Recentemente, o especial de Natal da produtora, levado ao ar pela Netflix, foi alvo de protestos por parte de grupos religiosos. O especial, intitulado “A Primeira Tentação de Cristo”, foi ao ar no dia 3 de dezembro e teria sido considerado ofensivo por grupos religiosos, visto que sugeria um relacionamento homossexual entre Jesus e um amigo, com interpretações de Gregório Duvivier e Fábio Porchat.
Não faz muito tempo, tivemos invasões de grupos fundamentalistas a museus, fechamento de exposições de arte, censura a apresentações musicais, censura na Ancine, recolhimento de livro da Bienal a mando do prefeito fundamentalista do Rio e o ataque à arte e aos artistas, de um modo geral, virou regra no atual governo. Evidentemente, as investigações sobre o caso estão sendo feitas, mas não está afastada a participação de grupos religiosos fundamentalistas e, consequentemente, intolerantes, no atentado contra a produtora.
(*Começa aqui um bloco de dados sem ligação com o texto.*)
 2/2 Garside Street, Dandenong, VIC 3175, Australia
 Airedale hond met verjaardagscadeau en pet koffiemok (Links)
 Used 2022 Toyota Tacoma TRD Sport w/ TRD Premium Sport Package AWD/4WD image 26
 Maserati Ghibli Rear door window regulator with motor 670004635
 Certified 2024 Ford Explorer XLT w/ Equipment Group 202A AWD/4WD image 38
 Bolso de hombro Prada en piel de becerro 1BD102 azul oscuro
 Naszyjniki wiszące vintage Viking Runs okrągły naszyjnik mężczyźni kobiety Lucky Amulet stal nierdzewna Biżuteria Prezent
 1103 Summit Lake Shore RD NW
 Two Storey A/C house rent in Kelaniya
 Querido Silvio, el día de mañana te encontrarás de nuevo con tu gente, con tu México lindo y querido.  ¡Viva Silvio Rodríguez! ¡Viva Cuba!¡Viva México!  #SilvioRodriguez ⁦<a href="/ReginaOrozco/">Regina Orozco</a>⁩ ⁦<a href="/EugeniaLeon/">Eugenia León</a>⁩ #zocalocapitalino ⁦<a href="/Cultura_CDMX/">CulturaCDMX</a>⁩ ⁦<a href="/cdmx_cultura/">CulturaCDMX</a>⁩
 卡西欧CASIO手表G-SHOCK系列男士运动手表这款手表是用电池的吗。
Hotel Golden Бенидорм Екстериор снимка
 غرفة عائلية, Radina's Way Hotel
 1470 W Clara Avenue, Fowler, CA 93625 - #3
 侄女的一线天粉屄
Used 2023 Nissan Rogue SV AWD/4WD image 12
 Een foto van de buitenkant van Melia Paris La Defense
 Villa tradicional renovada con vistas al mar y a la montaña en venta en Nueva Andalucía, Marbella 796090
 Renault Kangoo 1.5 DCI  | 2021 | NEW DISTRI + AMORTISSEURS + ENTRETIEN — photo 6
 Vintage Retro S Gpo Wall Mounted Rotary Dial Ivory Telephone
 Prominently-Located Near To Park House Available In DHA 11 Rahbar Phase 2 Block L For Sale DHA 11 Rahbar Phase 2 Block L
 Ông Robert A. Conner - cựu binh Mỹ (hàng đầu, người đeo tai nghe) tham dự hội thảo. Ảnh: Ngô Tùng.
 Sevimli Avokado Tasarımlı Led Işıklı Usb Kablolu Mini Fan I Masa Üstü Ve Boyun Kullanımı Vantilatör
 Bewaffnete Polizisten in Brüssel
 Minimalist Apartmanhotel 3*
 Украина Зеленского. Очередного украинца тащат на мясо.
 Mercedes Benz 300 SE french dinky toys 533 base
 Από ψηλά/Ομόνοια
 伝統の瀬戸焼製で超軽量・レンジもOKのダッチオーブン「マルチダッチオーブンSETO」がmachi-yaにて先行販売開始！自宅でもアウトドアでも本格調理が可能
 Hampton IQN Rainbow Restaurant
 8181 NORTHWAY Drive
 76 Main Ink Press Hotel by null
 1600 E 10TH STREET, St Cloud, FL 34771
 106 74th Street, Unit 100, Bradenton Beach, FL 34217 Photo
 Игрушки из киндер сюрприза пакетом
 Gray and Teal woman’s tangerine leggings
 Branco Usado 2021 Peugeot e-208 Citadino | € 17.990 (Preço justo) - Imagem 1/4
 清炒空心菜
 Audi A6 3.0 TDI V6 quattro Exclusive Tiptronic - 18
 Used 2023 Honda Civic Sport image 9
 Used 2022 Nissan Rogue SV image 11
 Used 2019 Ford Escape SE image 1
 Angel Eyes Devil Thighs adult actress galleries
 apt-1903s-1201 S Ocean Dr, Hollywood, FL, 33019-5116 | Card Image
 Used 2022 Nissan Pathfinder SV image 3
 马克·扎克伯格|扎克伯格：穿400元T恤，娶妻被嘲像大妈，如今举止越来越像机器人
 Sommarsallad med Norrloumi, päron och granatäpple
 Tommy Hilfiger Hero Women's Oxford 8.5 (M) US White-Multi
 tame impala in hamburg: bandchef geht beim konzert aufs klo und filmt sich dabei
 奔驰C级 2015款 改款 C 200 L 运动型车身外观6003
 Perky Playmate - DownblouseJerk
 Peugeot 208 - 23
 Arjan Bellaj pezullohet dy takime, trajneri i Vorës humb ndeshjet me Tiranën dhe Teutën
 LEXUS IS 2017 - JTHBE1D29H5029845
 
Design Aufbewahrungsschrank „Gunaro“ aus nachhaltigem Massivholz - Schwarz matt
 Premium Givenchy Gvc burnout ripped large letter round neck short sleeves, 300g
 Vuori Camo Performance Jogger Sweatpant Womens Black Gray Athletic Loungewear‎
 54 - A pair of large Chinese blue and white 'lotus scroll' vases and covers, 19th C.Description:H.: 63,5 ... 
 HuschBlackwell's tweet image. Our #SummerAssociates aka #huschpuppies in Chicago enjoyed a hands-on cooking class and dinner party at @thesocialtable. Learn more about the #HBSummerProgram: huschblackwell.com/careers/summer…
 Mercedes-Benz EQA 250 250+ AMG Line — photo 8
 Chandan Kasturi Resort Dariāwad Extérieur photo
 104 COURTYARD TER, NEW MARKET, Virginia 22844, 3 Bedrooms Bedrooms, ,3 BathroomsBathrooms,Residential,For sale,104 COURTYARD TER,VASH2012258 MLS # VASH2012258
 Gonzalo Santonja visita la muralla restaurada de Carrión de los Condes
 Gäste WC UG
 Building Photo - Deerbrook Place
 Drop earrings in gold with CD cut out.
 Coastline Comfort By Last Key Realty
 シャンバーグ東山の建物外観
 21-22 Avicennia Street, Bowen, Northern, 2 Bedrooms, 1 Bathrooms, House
O lamentável episódio, guardando-se evidentemente as devidas proporções, faz lembrar a ação terrorista sofrida pela revista satírica francesa Charlie Hebdo, que publicava charges do profeta Maomé e que acabou tornando-se alvo de fundamentalistas muçulmanos.
Independentemente do lado religioso, Jesus Cristo foi uma figura histórica e grande parte de sua vida (aliás, a maior) não é descrita pelos Evangelhos e romancear a vida de personagens históricos com ingredientes pitorescos também faz parte da arte, embora essa não seja, por exemplo, a atividade da história e da religião. Pode-se até expressar uma indignação pela abordagem de temas religiosos, inclusive protestos formais. Mas, sem julgar o mérito da questão, a prática da violência é mais do que deplorável e é de bom alvitre lembrar que a violência já vem acontecendo em ataques a terreiros e centros espíritas, motivados exclusivamente por intolerância religiosa e praticados por “milícias em nome de Deus”. Acrescente-se que um pedido foi feito à Justiça para impedir a exibição do especial, o que naturalmente foi negado. Logo, independente de qualquer avaliação estética ou religiosa, a obra tinha todo aparato legal, em um país em que a Constituição, apesar das agressões que sofre, ainda é o que nos restou após a ascensão fascista ao poder.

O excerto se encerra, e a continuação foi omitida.